Lactic Acidosis/Severe Hepatomegaly with Steatosis

Lactic acidosis and severe hepatomegaly with steatosis, including fatal cases, have been reported with the use of nucleoside analogs, including VIREAD, a component of TRUVADA, in combination with other antiretrovirals. A majority of these cases have been in women. Obesity and prolonged nucleoside exposure may be risk factors. Particular caution should be exercised when administering nucleoside analogs to any patient with known risk factors for liver disease; however, cases have also been reported in patients with no known risk factors. Treatment with TRUVADA should be suspended in any patient who develops clinical or laboratory findings suggestive of lactic acidosis or pronounced hepatotoxicity (which may include hepatomegaly and steatosis even in the absence of marked transaminase elevations).

Patients Coinfected with HIV-1 and HBV

It is recommended that all patients with HIV-1 be tested for the presence of chronic hepatitis B virus (HBV) before initiating antiretroviral therapy. TRUVADA is not approved for the treatment of chronic HBV infection and the safety and efficacy of TRUVADA have not been established in patients coinfected with HBV and HIV-1. Severe acute exacerbations of hepatitis B have been reported in patients who are coinfected with HBV and HIV-1 and have discontinued TRUVADA. In some patients infected with HBV and treated with EMTRIVA, the exacerbations of hepatitis B were associated with liver decompensation and liver failure. Patients who are coinfected with HIV-1 and HBV should be closely monitored with both clinical and laboratory follow up for at least several months after stopping treatment with Truvada. If appropriate, initiation of anti-hepatitis B therapy may be warranted.

New Onset or Worsening Renal Impairment

Emtricitabine and tenofovir are principally eliminated by the kidney. Renal impairment, including cases of acute renal failure and Fanconi syndrome (renal tubular injury with severe hypophosphatemia), has been reported with the use of VIREAD [See ADVERSE REACTIONS].

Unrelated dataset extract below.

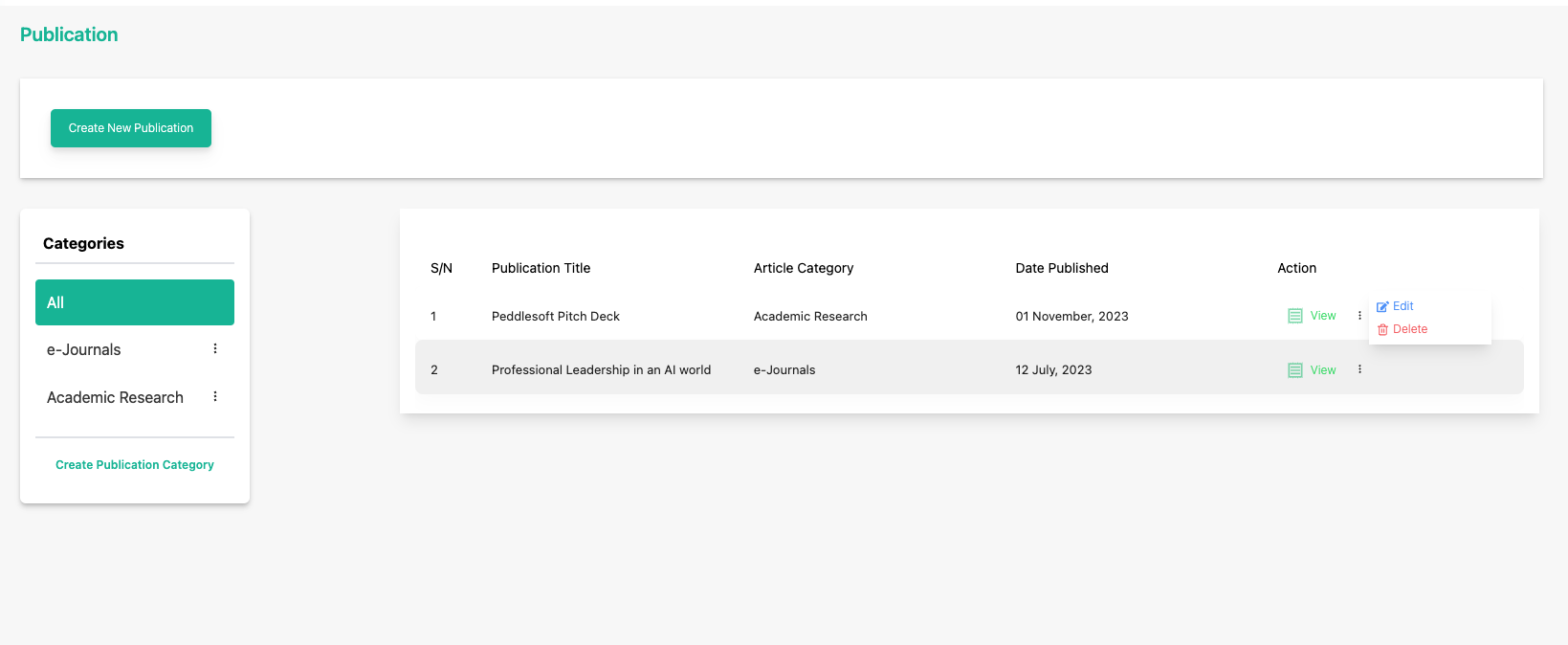 reveal publication item sub-menu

It is recommended that creatinine clearance be calculated in all patients prior to initiating therapy and as clinically appropriate during therapy with TRUVADA. Routine monitoring of calculated creatinine clearance and serum phosphorus should be performed in patients at risk for renal impairment, including patients who have previously experienced renal events while receiving HEPSERA.

Dosing interval adjustment of TRUVADA and close monitoring of renal function are recommended in all patients with creatinine clearance 30–49 mL/min, [See DOSAGE AND ADMINISTRATION]. No safety or efficacy data are available in patients with renal impairment who received TRUVADA using these dosing guidelines, so the potential benefit of TRUVADA therapy should be assessed against the potential risk of renal toxicity. TRUVADA should not be administered to patients with creatinine clearance below 30 mL/min or patients requiring hemodialysis.

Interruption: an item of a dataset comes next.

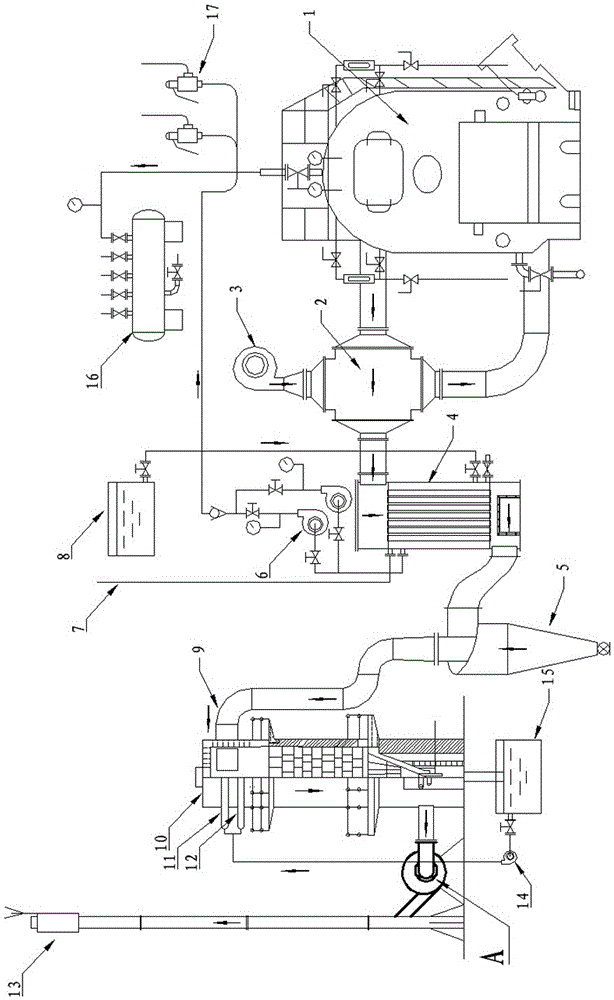 Tail gas recovery dust removal type coal-fired boiler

TRUVADA should be avoided with concurrent or recent use of a nephrotoxic agent.

Coadministration with Other Products

TRUVADA is a fixed-dose combination of emtricitabine and tenofovir disoproxil fumarate. TRUVADA should not be coadministered with ATRIPLA, EMTRIVA, or VIREAD. Due to similarities between emtricitabine and lamivudine, TRUVADA should not be coadministered with other drugs containing lamivudine, including Combivir (lamivudine/zidovudine), Epivir or Epivir-HBV (lamivudine), Epzicom (abacavir sulfate/lamivudine), or Trizivir (abacavir sulfate/lamivudine/zidovudine).

TRUVADA should not be administered with HEPSERA® (adefovir dipivoxil).

Decreases in Bone Mineral Density

Assessment of bone mineral density (BMD) should be considered for HIV-1 infected adults and pediatric patients 12 years of age and older who have a history of pathologic bone fracture or other risk factors for osteoporosis or bone loss. Although the effect of supplementation with calcium and vitamin D was not studied, such supplementation may be beneficial for all patients. If bone abnormalities are suspected then appropriate consultation should be obtained.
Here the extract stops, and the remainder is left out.